Prerequisites: Interested students should have taken a linear algebra course and preferably have familiarity with graph theory or combinatorics.
Counting independent sets in grid-like graphs
Project mentor: Anna Halfpap
A graph is a mathematical object made up of points (called vertices) and lines (called edges) which connect some pairs of points. As well as being interesting in their own right, graphs are often useful tools for modelling networks and other objects whose structure is based on the relationships between people or things. For example, a set of vertices which spans no edges might correspond to a set of objects which are somehow unrelated or "far away" from each other. We call such a set an independent set. Many important questions in graph theory involve finding, counting, or otherwise understanding independent sets. This project will focus on counting maximal independent sets (often called MIS's for short) -- that is, independent sets which cannot be made larger by the addition of extra vertices. In general, the number of maximal independent sets in a graph will depend a lot on the graph's structure; for this project, we will focus on MIS's in nicely-structured graphs which arise from grids.
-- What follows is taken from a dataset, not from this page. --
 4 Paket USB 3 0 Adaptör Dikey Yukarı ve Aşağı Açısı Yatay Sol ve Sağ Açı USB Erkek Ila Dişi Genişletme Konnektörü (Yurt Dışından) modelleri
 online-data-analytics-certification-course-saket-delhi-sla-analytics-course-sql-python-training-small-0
The m x n integer lattice can be thought of as a graph, whose vertices are the points (i, j) where i and j are positive integers with i at most m and j at most n, and where two vertices are connected by an edge if and only if they are at unit distance in the plane. We call a graph which arises from the m x n integer lattice a grid graph; predictably, grid graphs look like flat grids when we "naturally" draw them in the plane. This project will focus on the "grid-like" graphs which arise from embedding integer lattices on non-flat surfaces, such as a Mobius strip or a torus. You can visualize such an embedding by starting with a flat grid, picking it up, and "gluing together" two or more of its sides to make a non-flat object. This gluing procedure identifies some vertices and edges of our grid, changing its structure in cool ways while maintaining grid-like properties.
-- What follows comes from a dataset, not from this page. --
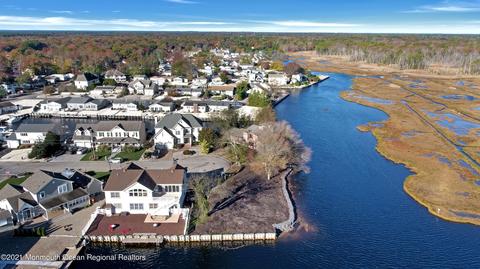 912 Shenandoah Dr, Forked River, NJ 08731 photo 18
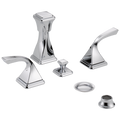Chrome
Ordinary grid graphs have very regular structure, which can give rise to some beautiful results. Several authors have recently used this structure to give different descriptions of the number of MIS's in grids. For instance, the number of MIS's in the 2 x n grid can be determined by a recurrence relation which is closely related to the Fibonacci numbers. Using more complicated recurrence relations, we can find the number of MIS's in m x n grids generally. Are there similar recurrence relations (possibly relating to other beautiful sequences) for the number of MIS's in the m x n "grid Mobius strip", "grid cylinder", or "grid torus"? We will begin by trying to find such recurrence relations for 2 x n grid-like graphs; depending on our progress and participants' interests, this exploration may lead in a variety of more general directions. Some natural questions would include: Once we understand MIS's in 2 x n grid-like graphs, can we understand 3 x n grid-like graphs, or even m x n grid-like graphs? Can we somehow describe the "typical structure" of a maximal independent set in a grid graph -- and does this typical structure change when we embed our grid on a non-flat surface? Are there interesting correspondences between the number of MIS's in different "shapes" of grid-like graphs?
Prerequisites: Students should have experience writing proofs (i.e., at least one proof-based math course), curiosity about the topic, and the ability to work well in a group. Familiarity with graph theory and/or combinatorics is desirable.